§ Task: Here the job is to retype the data word for word while leaving the pictures aside.

§ Given data:
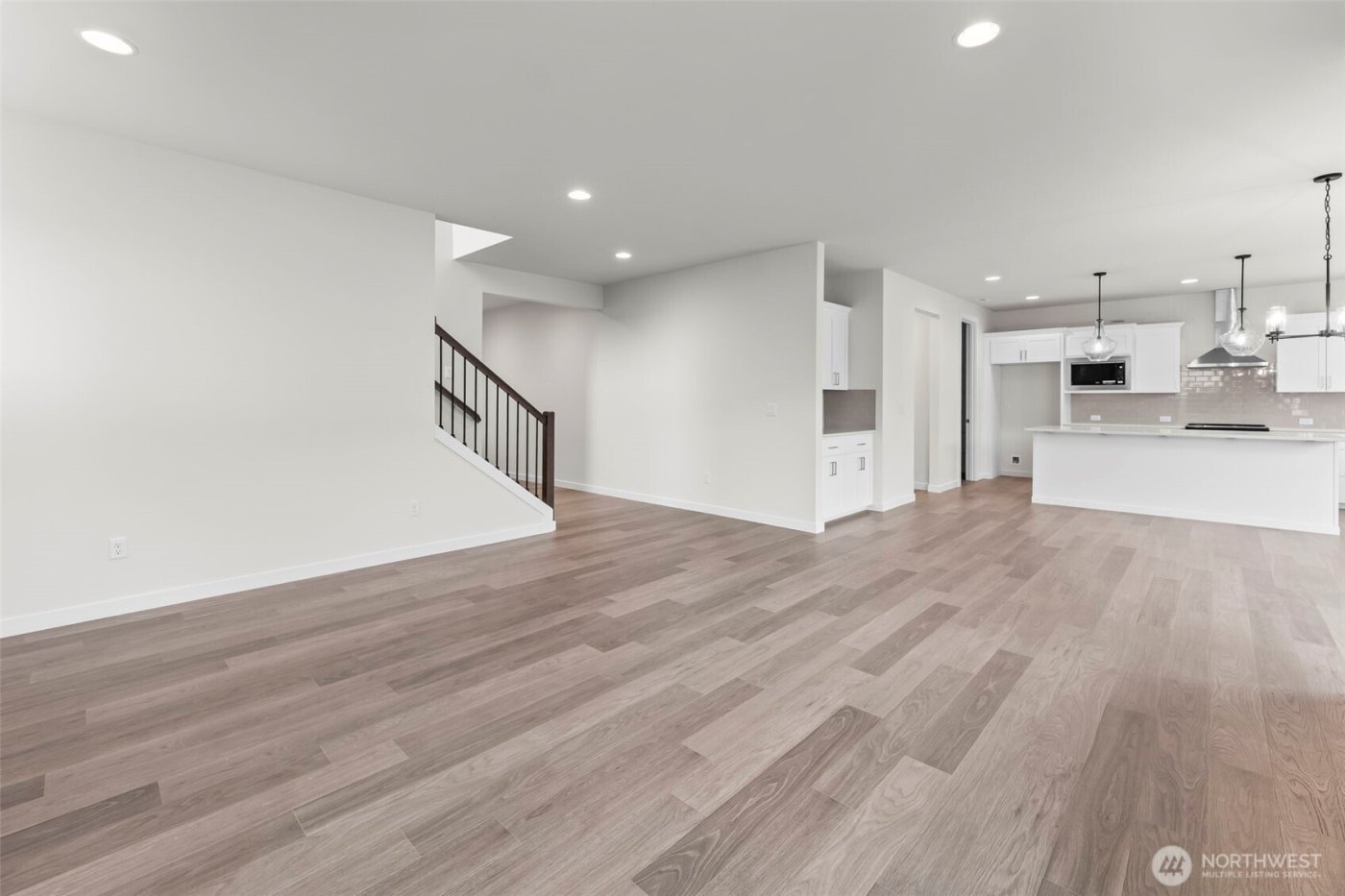 3189 Roosevelt Avenue , Enumclaw, WA 98022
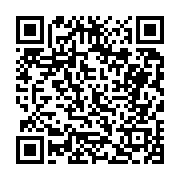 고시/공고 페이지 바로가기 주소(https://business.jangseong.go.kr/q/ezIyOHwyMzIyN3xzaG93fHBhZ2U9NDI5fQ==&e=M&s=3), QRCODE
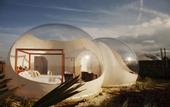Туры в отель Green Land Bubble Glamping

§ Solution below:
 3189 Roosevelt Avenue , Enumclaw, WA 98022
 고시/공고 페이지 바로가기 주소(https://business.jangseong.go.kr/q/ezIyOHwyMzIyN3xzaG93fHBhZ2U9NDI5fQ==&e=M&s=3), QRCODE
Туры в отель Green Land Bubble Glamping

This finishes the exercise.